« | »

How the general ledger can become a data warehouse

Many companies today rely on the general ledger as key part of their management reporting, well beyond the obvious financial information. This has often been shaped by how companies first adopted information technology.

In some firms, their management reporting systems reflect the fact that as information technology began to be used extensively by business, often the very first functional area to be automated was accounting, and the first database within an enterprise was often the general ledger.

In many companies, the general ledger became the clearing house for all information- not just financial, and in effect became a data warehouse before the concept of data warehousing had even evolved.

The problem is, in some organisations, the data warehouse didn't come. The general ledger kept its place as the central repository for not just financial, but also management reporting. Finance argued successfully that the cost of all the business intelligence architecture was unnecessary- adding accounts and bolt on tables was cheaper. ERP vendors supported this by creating ever more flexible ledger structures, allowing additional ledgers for parallel accounting and management reporting.

Huge amounts of non-financial information is still stored in many general ledgers. There are so many reasons this is a bad idea. Here are just three:

1) It forces you to compromise on level of detail and drill down, and history

No general ledger can hold the level of detail available in many source systems. As a result, any interface from the sales system, manufacturing system etc. feeding into the GL will have to create journal entries that summarize a great deal of information.

While the detail of course will still exist in the source system, if your management reporting is all from a general ledger based system, upper management will tend to use this single source- and as a result important granularity may be lost to the decision making process.

This summarization also makes it more difficult to have drill down into the details, giving up some of the greatest benefits of modern business intelligence systems.

Finally, general ledger based data storage does not usually allow for the tracking of reference data changes over time. As sales regions are modified, and territories shift, comparing one period to another becomes increasingly difficult. Data warehouses, designed from the beginning to store this type of slowly changing reference information, can provide a much more insight and historical analysis.

The bottom line is, the data model of the general ledger module is just not designed for analysis.

2) It results in an overly complex chart of accounts and may even affect month end close

As the source systems become more and more capable of collecting data, the tendency is to want to increase the amount of management reporting. If this is being done in the general ledger, it means that further charts of account must be added, and an increased number of journal entries need to be done. Depending how the overall process is setup, its even possible that the increased complexity might affect the speed at which month end closing can be completed, if for no other reason that the same finance resources must both tend to the financial and the management reporting needs.

3) It discourages cross functional definitions and collaboration on analysis

By making one of the functional areas (finance) the center and owner of management reporting, a general ledger based reporting architecture can actually increase the severity of the information silos it is most likely trying to eliminate.

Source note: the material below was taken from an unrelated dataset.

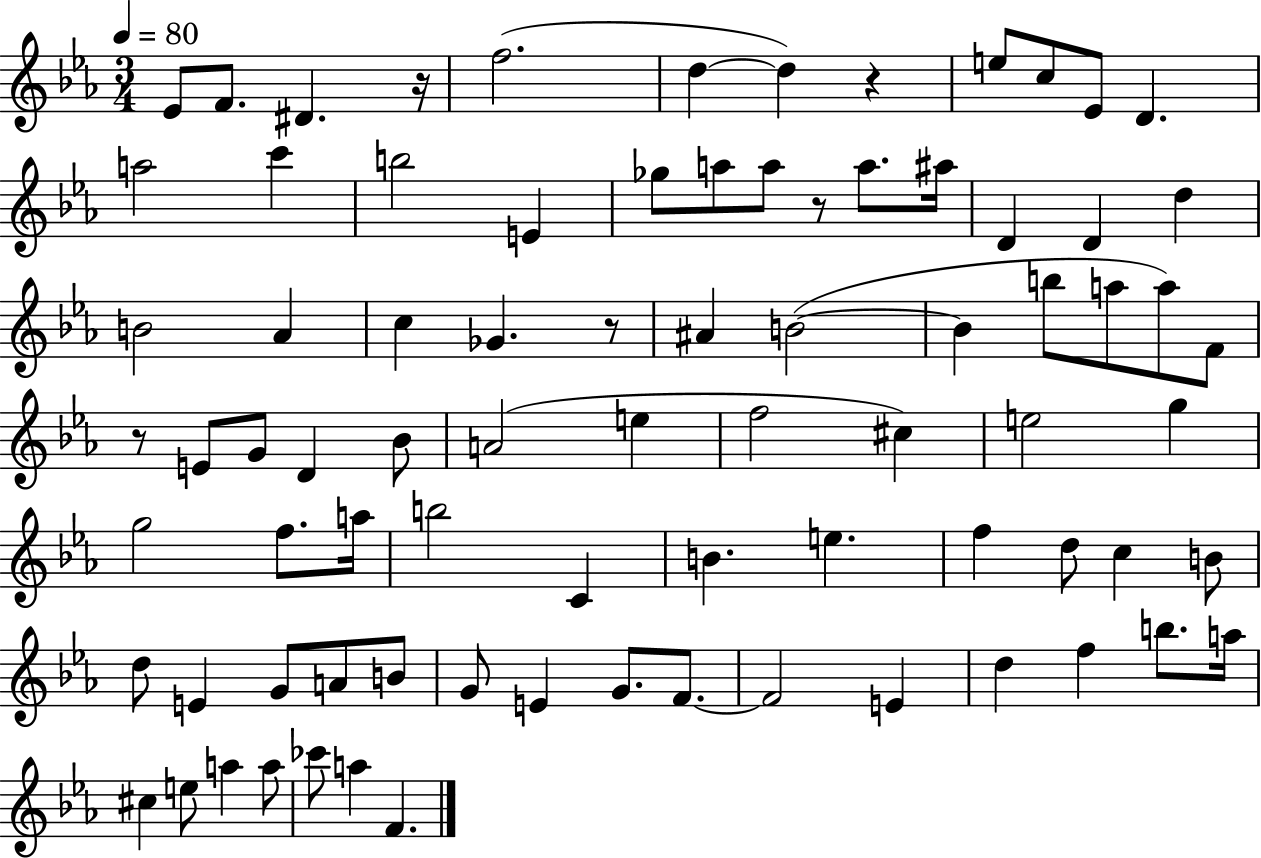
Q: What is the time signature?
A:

Because the general ledger reporting does not require all the detail available, each department only needs to provide the summarized information required by finance. While every department has to coordinate with finance, there is no requirement for departments to work with each other to coordinate data and definitions. While at a high level data is integrated, any benefit from more tightly integrating information across silos that a data warehouse can bring is lost.

In a very real way, a successful general ledger based management reporting system is in fact an impediment to progress for an enterprises business intelligence and data analysis evolution.

Because management reporting is available, the justification or need for a data warehouse is not felt as strongly. However, as needs continue to evolve, the effort expended in the constantly growing general ledger, and its impact on the financial processes, and the companies overall information management culture will become increasingly damaging.

Ironically, companies who failed to ever establish a general ledger based management reporting system could leapfrog their more financially focused competitors, as they embrace the modern data warehouse and the the tools available for data analysis.

A true data warehouse is not an easy road, and is only one component of a broader data analysis strategy.

Readers of this blog know that we advocate an approach that balances "Big Business Intelligence" with nimble, user focused data exploration and transformation.

In the short term, using the general ledger for management reporting can seem easier, but in the long term, it probably makes the task of creating an enterprise wide architecture harder- while your general ledger has been growing in the center, individual departments have probably been pursuing uncoordinated, fragmented business intelligence architectures of their own.

Tagged as: ,


« | »


  1. I couldn't describe better what I've seen happen in so many SMBs.

    I just add a couple of points: capturing more details than those required by accounting principles is an annoyance even for accounting. Hand maintained informations in a rush situation are likely to be omitted.

    Sometimes, the general ledger based DW is enough to provide all the essential informations to the company top management. So, top managers will likely think that no more spending is required on the BI area.

  2. I think pros could have been addressed more thoroughly. It many ways the GL is perfect to be used as a sort of data warehouse. Take a look at the flexibility and capabilities modern ERP vendors are tying in with it and how it fits into the standard data flows (lots of stuff has to make its way to the GL anyway). The "data" being in there does not preclude throwing extra tools on top of it.